What is being asked> Among the lines below, the one containing "USA Retro Road" opens the range and the one containing "Велосипед детский AMHAPI" closes it. Print that range exactly, without the pictures.

Given data>

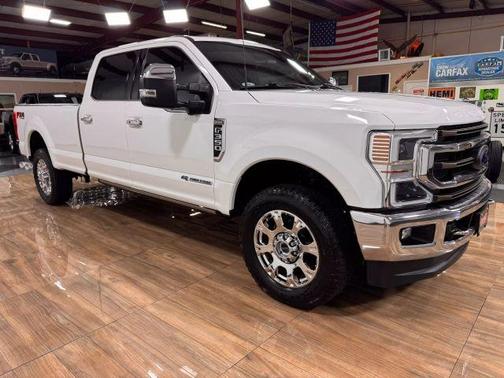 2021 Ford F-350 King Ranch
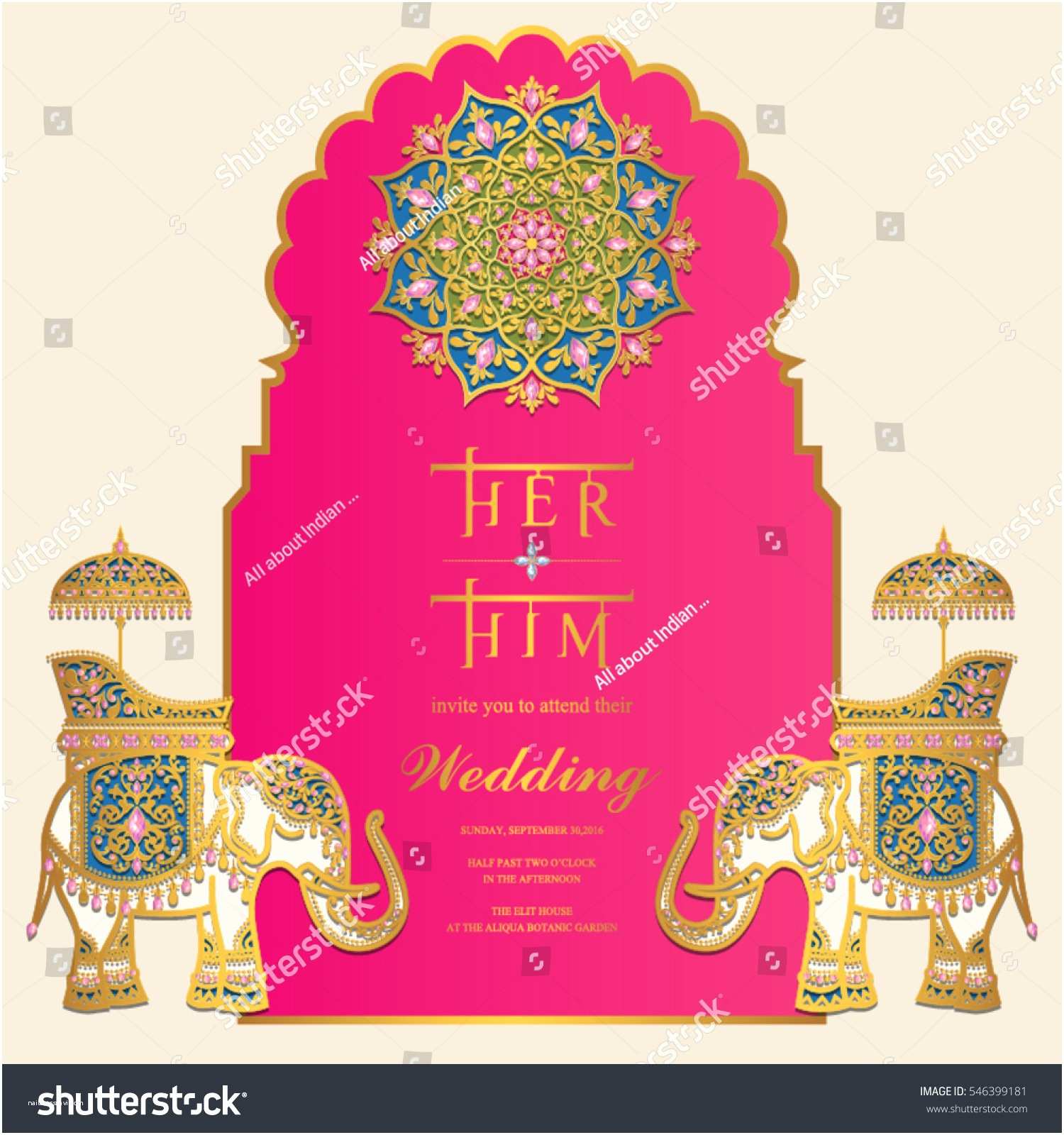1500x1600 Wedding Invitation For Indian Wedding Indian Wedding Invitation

...

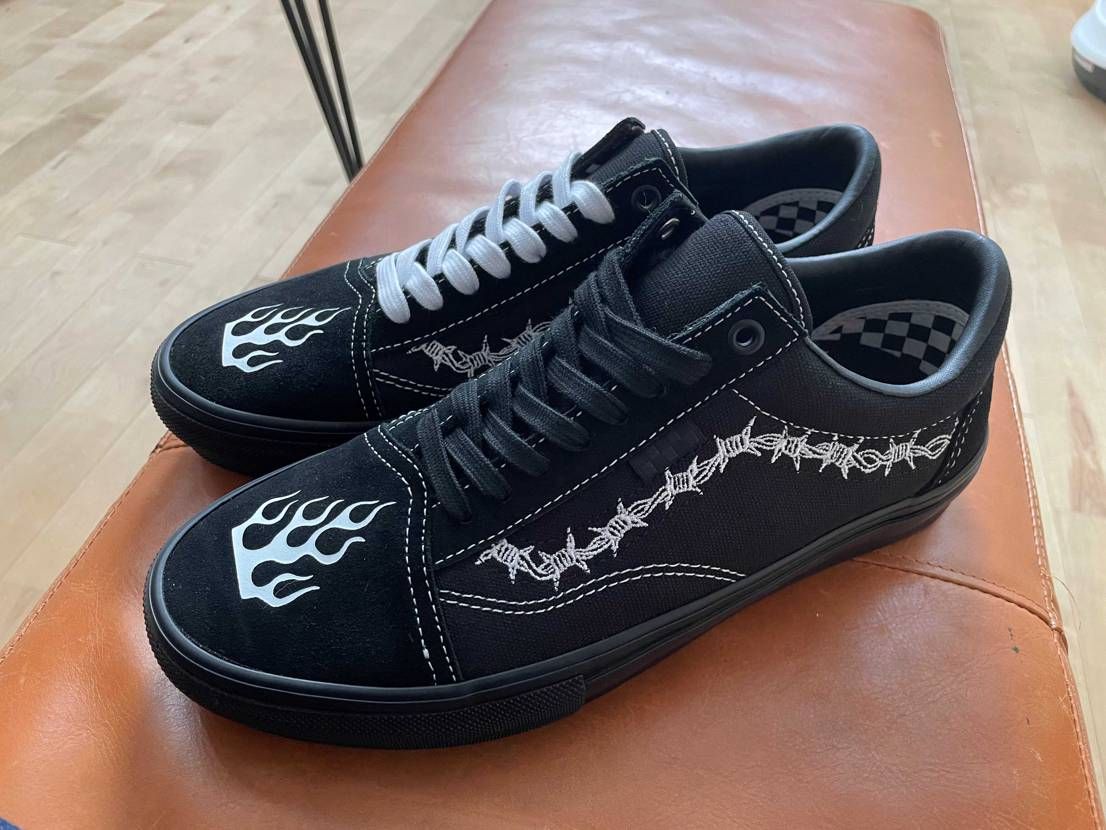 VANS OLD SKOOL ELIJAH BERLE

==

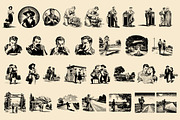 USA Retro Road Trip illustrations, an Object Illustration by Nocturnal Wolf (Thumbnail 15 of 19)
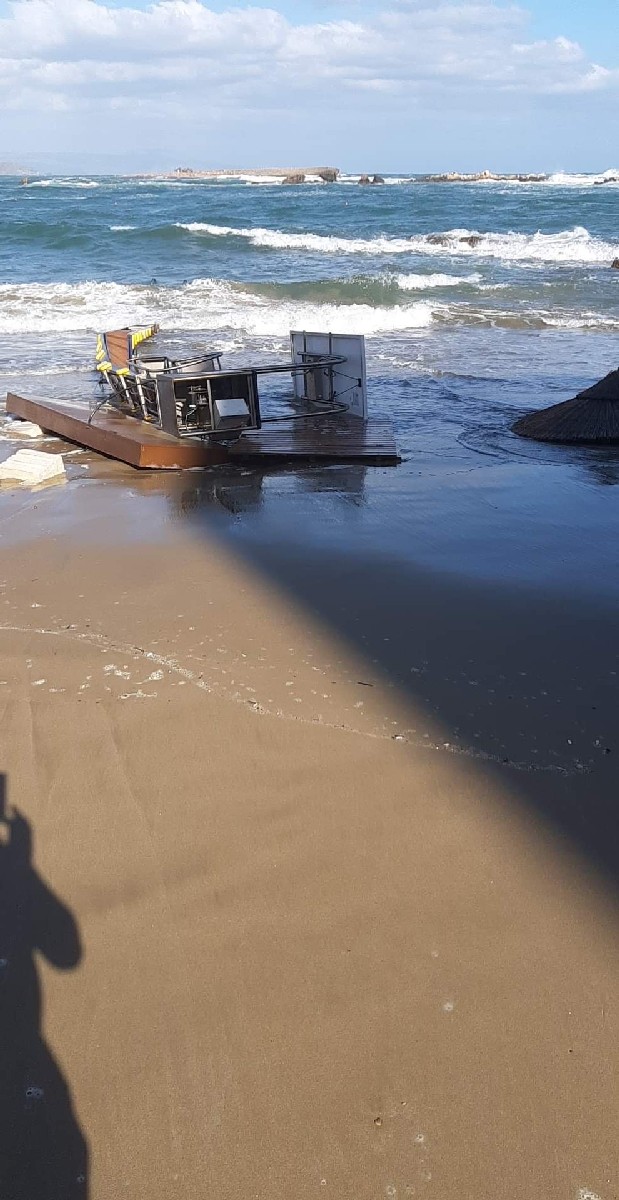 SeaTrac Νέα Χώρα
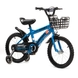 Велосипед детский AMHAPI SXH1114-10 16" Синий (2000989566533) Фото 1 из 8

Result>
 USA Retro Road Trip illustrations, an Object Illustration by Nocturnal Wolf (Thumbnail 15 of 19)
 SeaTrac Νέα Χώρα
 Велосипед детский AMHAPI SXH1114-10 16" Синий (2000989566533) Фото 1 из 8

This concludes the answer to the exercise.